With tennis, though, racket technology has vastly altered the game forever. During the 1960’s, for example, average top speeds for first serves hovered around 100 miles per hour. Today, 120 miles per hour and 130 miles per hour are common in most professional matches. Rallies among the world’s best players are lightning fast and this was made possible because these players can strike the ball much harder using spin control that modern racket technology has made possible.
The best players in the world will note that the racket is essentially an extension of the player’s arm. In order for the player to perform at the highest level of his or her game, the racket not only needs to be comfortable and lightweight, but it also needs to be set up ideally for that particular player’s game.

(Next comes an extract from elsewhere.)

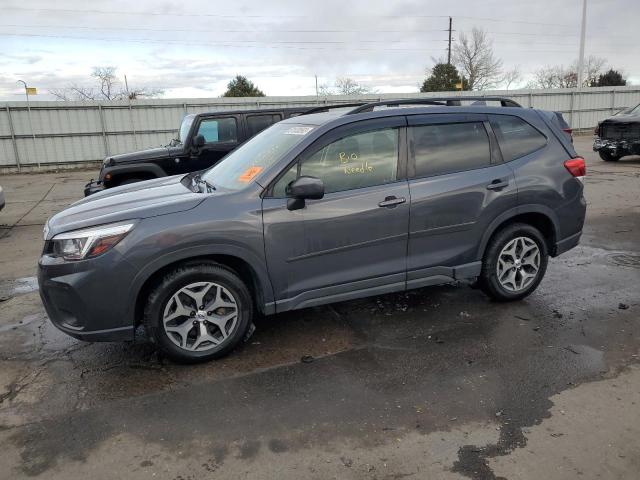 subaru forester 2020 jf2skajc4lh506729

While a beginner in any of these sports might not understand the difference between rackets, control is ultimately the name of the game. Once a player develops some basic skills in striking the ball, it’s important that he or she is able to control the ball effectively. A lighter racket will allow the inexperienced player a better feel since most tend to draw the racket back late, forcing them to rush the swing.
Also, an inexperienced player just starting out or working to hone his or her game more effectively, will tend to gain more control by relying on higher string tension. The type of racket that a player uses will certainly be important, but it’s more about the tension than anything else.

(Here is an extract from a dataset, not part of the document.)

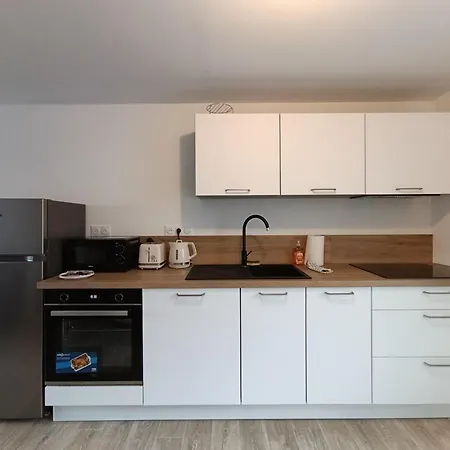 Appartement à St Marc Sur Saint-Nazaire (Loire-Atlantique)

While a player may struggle with control, there are a number of factors that can contribute to this lack of comfort. First, control comes from the player’s feel, which is the grip. Too large of a grip and the player may lose control of the racket. Too small and it could slip easily in his or her grasp. Second is the weight and size of the racket. With a more compact swing, a longer racket will have less of an impact, though each of the sports mentioned have specific requirements for racket length and size.
Last, string type and tension are the most important factors in control. In order to achieve exceptional control, not only must a player practice, but he or she should experiment with various tensions.